Ci abbracceremo piangendo
in un tempo
dilagato e fermo.

 

 

S’incontrano caso e destino
in un dettaglio fuori posto. Lo vedi
nell’apice di ogni cosa:
nel camminare lento di un passante
nell’arrendersi di uno sguardo
al suo riflesso
nel persistere di una mano protesa
verso il baratro. Si scontrano
ci tendono ci spezzano si mostrano
eterni e senza volto.

 

 

Nota

L’ora stabilita è l’ora del morire e del poetare, l’ora tragica, l’impatto tra il contingente e la necessità, l’istante in cui ogni vita fa i conti con se stessa. L’ora in cui, al di là di ciò che vorremmo, si conosce quel che si è.
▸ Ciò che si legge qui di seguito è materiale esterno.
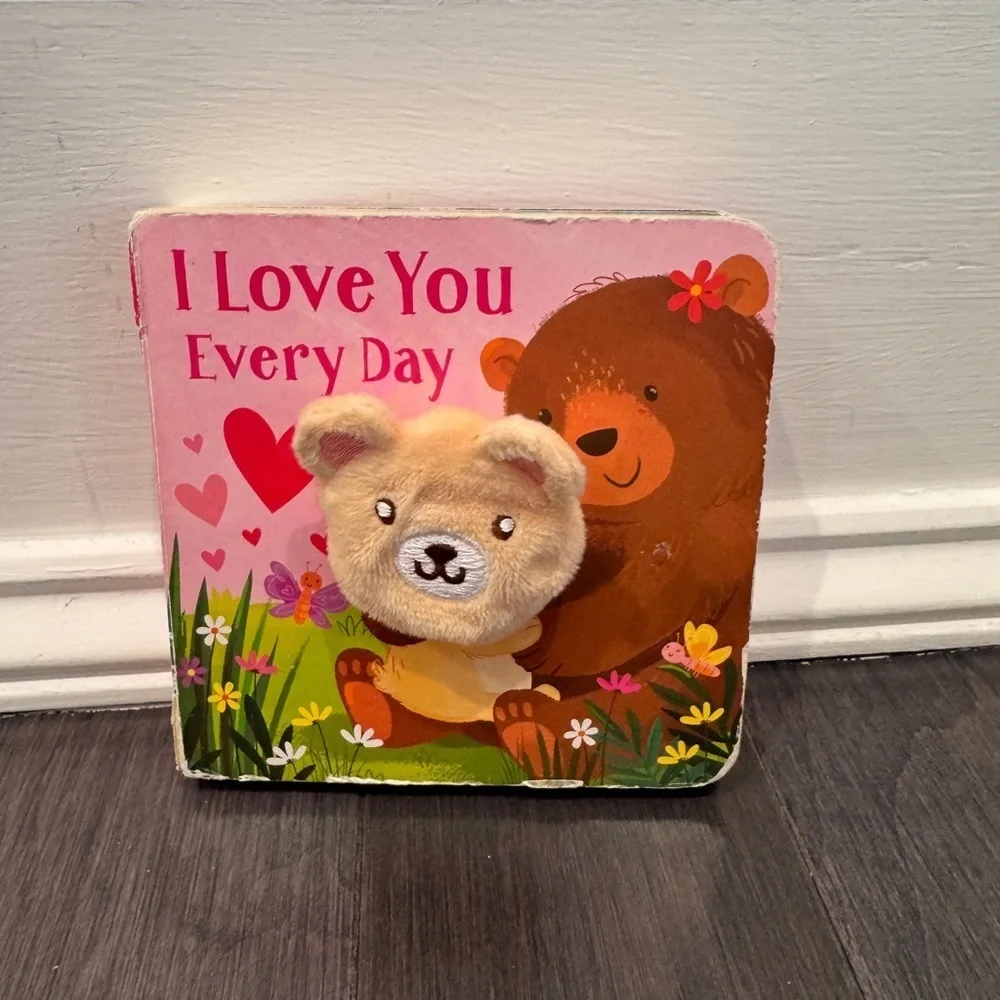 I Love You Everyday Bear Finger Puppet Small Board Book Kids Toddler Baby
L’ora in cui l’enigma del mondo, dell’uomo, del desiderio e della ragione che lo abitano, diventa parola. Il poetare, come emblema del fare dell’uomo, è finito e fallibile ma, a differenza delle altre attività umane, non rimuove il fallimento insito in ogni prassi, lo dice sino in fondo, lo assurge a radice del suo dire. Questo libro tenta di fare i conti, senza indulgenze e fughe, con le ferite aperte e irrisolte che il mondo e l’esistenza sono.